Open MPI User's Mailing List Archives

  |   Home   |   Support   |   FAQ   |   all Open MPI User's mailing list

Subject: Re: [OMPI users] OpenMPI portability problems: debug info isn'thelpful
From: Mike Hanby (mhanby_at_[hidden])
Date: 2008-10-17 10:25:41


Some further clarification, I read a post over on the SGE mailing list
that said the --with-sge is part of ompi 1.3, not 1.2.x.

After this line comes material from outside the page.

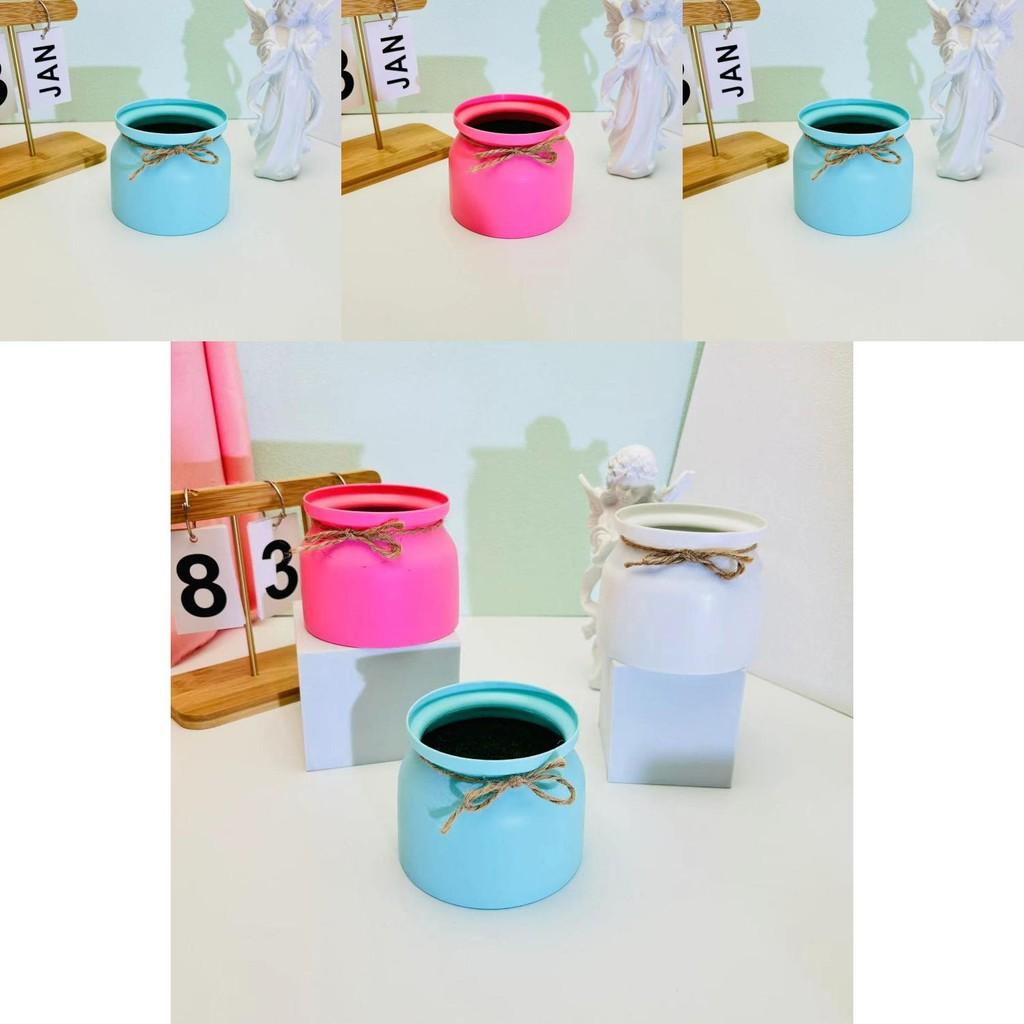 Macaron Edging Butterfly Bow Flower Pot For Faux Plant Arrangements Wedding Hotel Decor Accessory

-----Original Message-----
From: users-bounces_at_[hidden] [mailto:users-bounces_at_[hidden]] On
Behalf Of Aleksej Saushev
Sent: Thursday, October 16, 2008 12:39 PM
To: Open MPI Users
Subject: Re: [OMPI users] OpenMPI portability problems: debug info
isn'thelpful

Jeff Squyres <jsquyres_at_[hidden]> writes:

> On Oct 11, 2008, at 10:20 AM, Aleksej Saushev wrote:
>
>> $ ompi_info | grep oob
>> MCA oob: tcp (MCA v1.0, API v1.0, Component v1.0)
>> MCA rml: oob (MCA v1.0, API v1.0, Component v1.2.7)
>
> Good!
>
>>> $ mpirun --mca rml_base_debug 100 -np 2 skosfile
>> [asau.local:09060] mca: base: components_open: Looking for rml
>> components
>> [asau.local:09060] mca: base: components_open: distilling rml
>> components
>> [asau.local:09060] mca: base: components_open: accepting all
>> rml components
>> [asau.local:09060] mca: base: components_open: opening rml components
>> [asau.local:09060] mca: base: components_open: found loaded
>> component oob
>> [asau.local:09060] mca: base: components_open: component oob
>> open function successful
>> [asau.local:09060] orte_rml_base_select: initializing rml
>> component oob
>> [asau.local:09060] orte_rml_base_select: init returned failure
>
> Ah ha -- this is progress. For some reason, your "oob" RML
> plugin is declining to run. I see that its
> query/initialization function is actually quite short:
>
> if(mca_oob_base_init() != ORTE_SUCCESS)
> return NULL;
> *priority = 1;
> return &orte_rml_oob_module;
>
> So it must be failing the mca_oob_base_init() function -- this
> is what initializes the underling "OOB" (out of band)
> communications subsystem.
>
> Of course, this doesn't fail often, so we don't have any
> run-time switches to enable the debugging output. :-( Edit
> orte/mca/oob/base/ oob_base_open.c line 43 and change the value
> of mca_oob_base_output from -1 to 0. Let's see that output --
> I'm particularly interested in the output from querying the tcp
> oob component. I suspect that it's declining to run as well.
>
> I wonder if this is going to end up being an opal_if() issue --
> where we are traversing all the IP network interfaces from the
> kernel... I'll bet even money that it is.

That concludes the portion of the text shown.